And to my younger readers: models with heterogenous agents that exploit administrative data will not save you from this methodological problem.   As you add richer forms of data, you will need to make choices about how these agents differ, how they interact (in markets and otherwise), form expectations about their careers and macroeconomic policies, and generally lead their lives. Those choices are either going to be largely based on ad hoc reasoning or on evidence.  The incentives in academic macro are currently such that many of you will choose the former approach. 

I think that the above short summary largely lines up with what Romer was saying about methodology (although with his references to phlogiston and trolls, he’s a lot more colorful and fun-to-read than I could ever hope to be).
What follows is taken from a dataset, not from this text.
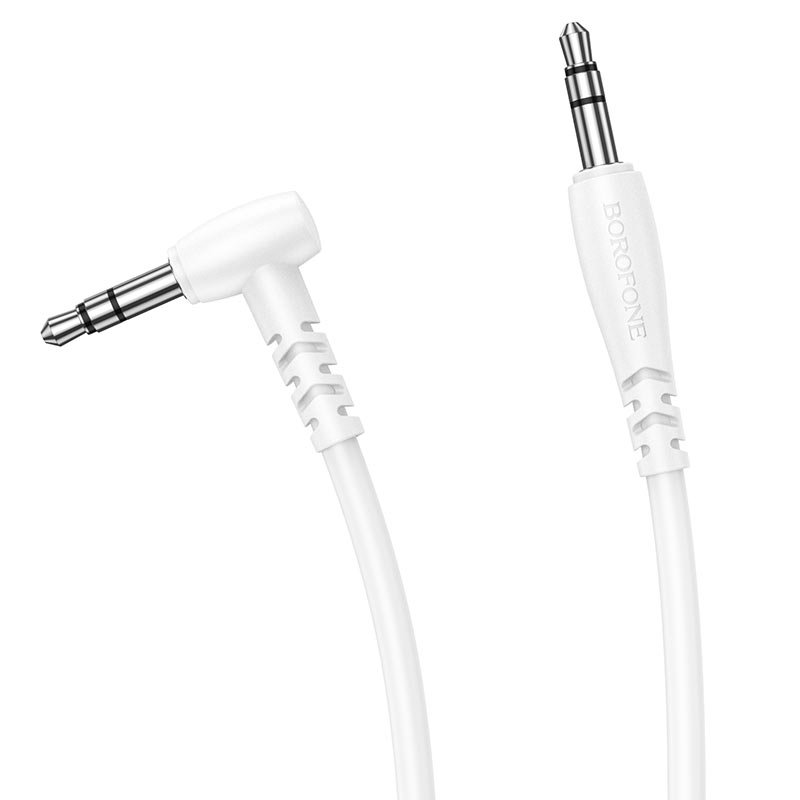 Кабель AUX, Jack 3,5mm(m) - Jack 3,5mm(m) Borofone BL10, 1.0м, круглый, силикон, боковой, цвет: белый (1/40/400)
Let me turn then to the sociological issue.  Here, again, I’m going to oversimplify Romer’s argument to: macroeconomists have been content to stick with a bad modeling approach because they so deeply admire Bob Lucas, Tom Sargent, and Ed Prescott, and these leaders have been unwilling to explore new directions.  I find this personalization of the problem to be extremely misleading.  I say this for a couple of reasons.  First, I can think of more than a few research agendas that have flourished in macroeconomics in the past thirty years without strong support - and at times active opposition - from these particular economists.  Second, over the past thirty years, all of them have pushed their own research at various times in interesting directions that have (as of yet) not been adopted by the mainstream.

So, I think Romer’s formulation of the sociological problem takes us in the wrong direction.  I would submit that the problem instead lies with how we (macroeconomists? economists? academics?) think about research.  We tend to view research as being the process of posing a question and delivering a pretty precise answer to that question.  In this process, machines that can be used by many scholars to generate answers to wide ranges of questions are highly prized.  The King-Plosser-Rebelo real business cycle model was one such machine.  The New Keynesian three-equation model is another. The Bewley-Aiyagari-Huggett incomplete markets model is yet another.  And people  who have the mathematical and computational skills to make machines even more powerful, so that they can answer even more questions, are naturally highly valued. 
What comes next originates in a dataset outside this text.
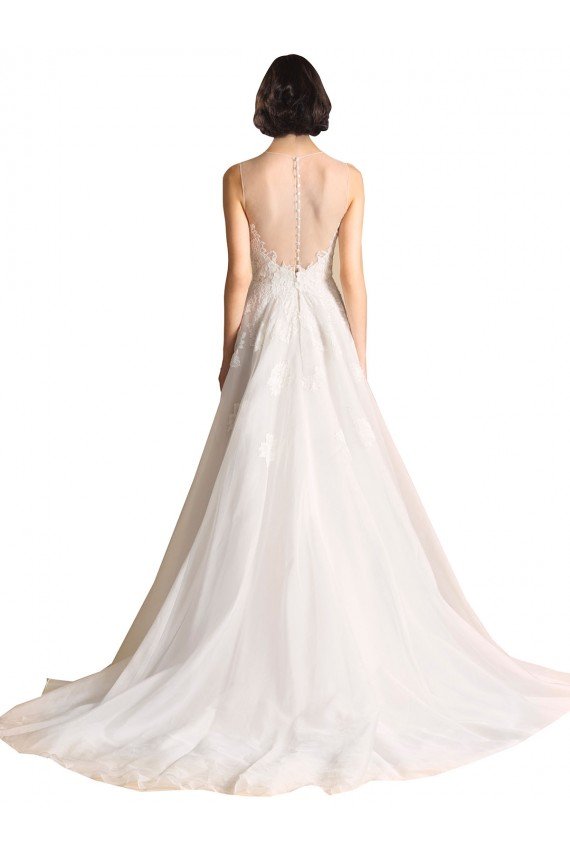 Illusion Neck A-Line Organza Wedding Dress Bristol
The research agenda that I believe we need is very different.  It’s hugely messy work.  We need to encourage those who are trying to build a more evidence-based modeling of financial institutions.  We need to encourage those who are trying to learn more about how people actually form expectations.  We need to encourage those who are using firm-based information about residual demand functions to learn more about product market structure.  At the same time, we need to be a lot more flexible in our thinking about models and theory, so that they can be firmly grounded in this improved empirical understanding. 

The good news is that this kind of shift away from introspection to evidence has taken place in many other fields of economics (industrial organization, labor economics, public finance, etc.).  Can this same kind of change happen in macroeconomics?  I’m not sure.  It certainly won’t come from me writing blog posts!  It will require a group of dedicated scholars - likely relatively early in their careers - who are willing to take some big risks to make macroeconomics different and better along the lines that I’ve described.  Back in the ‘70s, Lucas, Sargent, and Prescott (and, of course, many others) were exactly such a group.  Will we see their like again?